» **Exercise details**: For the data below, transcribe the part that opens with the line containing "Alaia Mid Century" and closes with the line containing "LAMPES DE GOUTTIERE", exactly and with no pictures.

» **Data for review**:

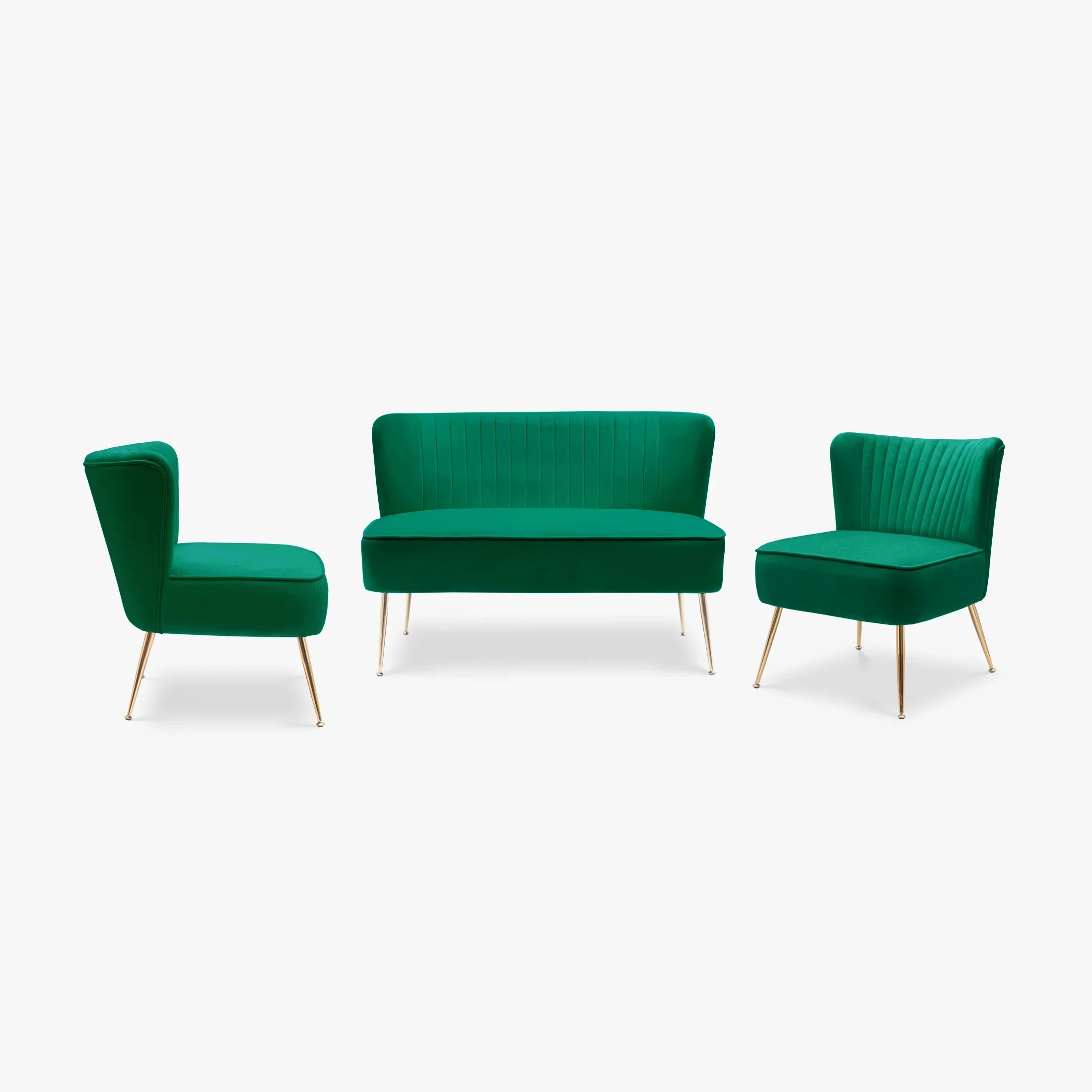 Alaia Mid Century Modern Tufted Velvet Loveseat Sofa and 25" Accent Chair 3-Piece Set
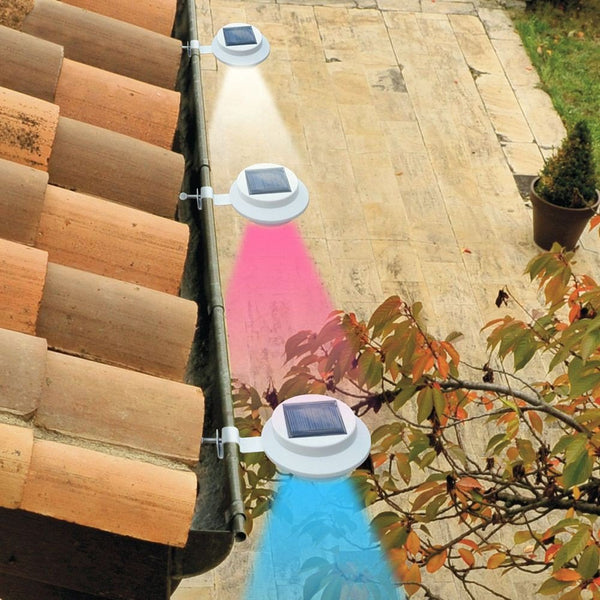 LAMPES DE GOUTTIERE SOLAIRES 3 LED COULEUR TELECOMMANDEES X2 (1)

--

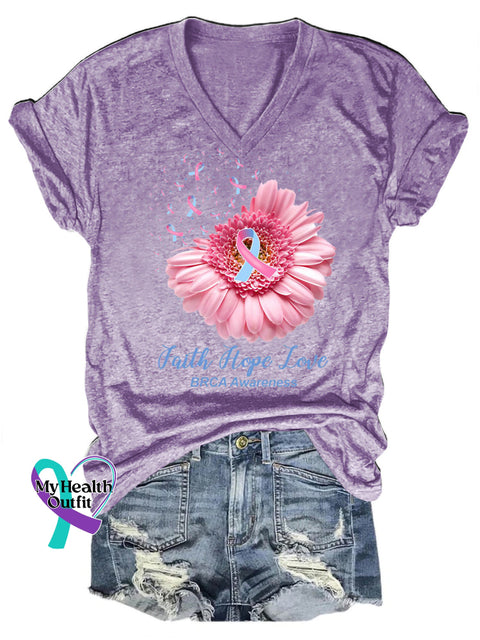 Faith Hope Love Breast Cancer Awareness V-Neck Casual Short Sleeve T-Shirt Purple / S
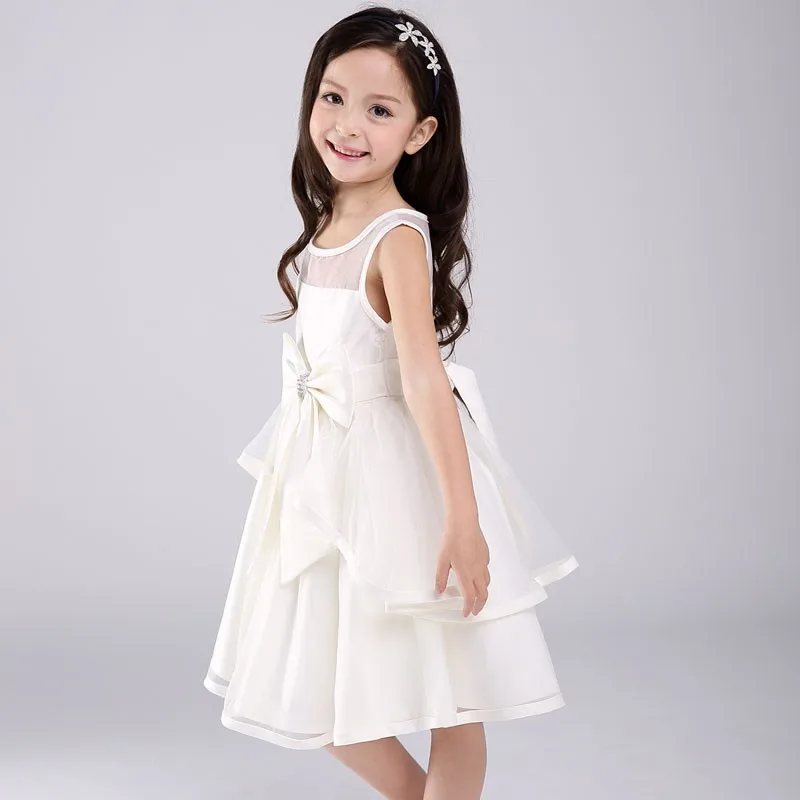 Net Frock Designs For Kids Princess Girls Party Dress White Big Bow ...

» **Your solution**:
 Alaia Mid Century Modern Tufted Velvet Loveseat Sofa and 25" Accent Chair 3-Piece Set
 LAMPES DE GOUTTIERE SOLAIRES 3 LED COULEUR TELECOMMANDEES X2 (1)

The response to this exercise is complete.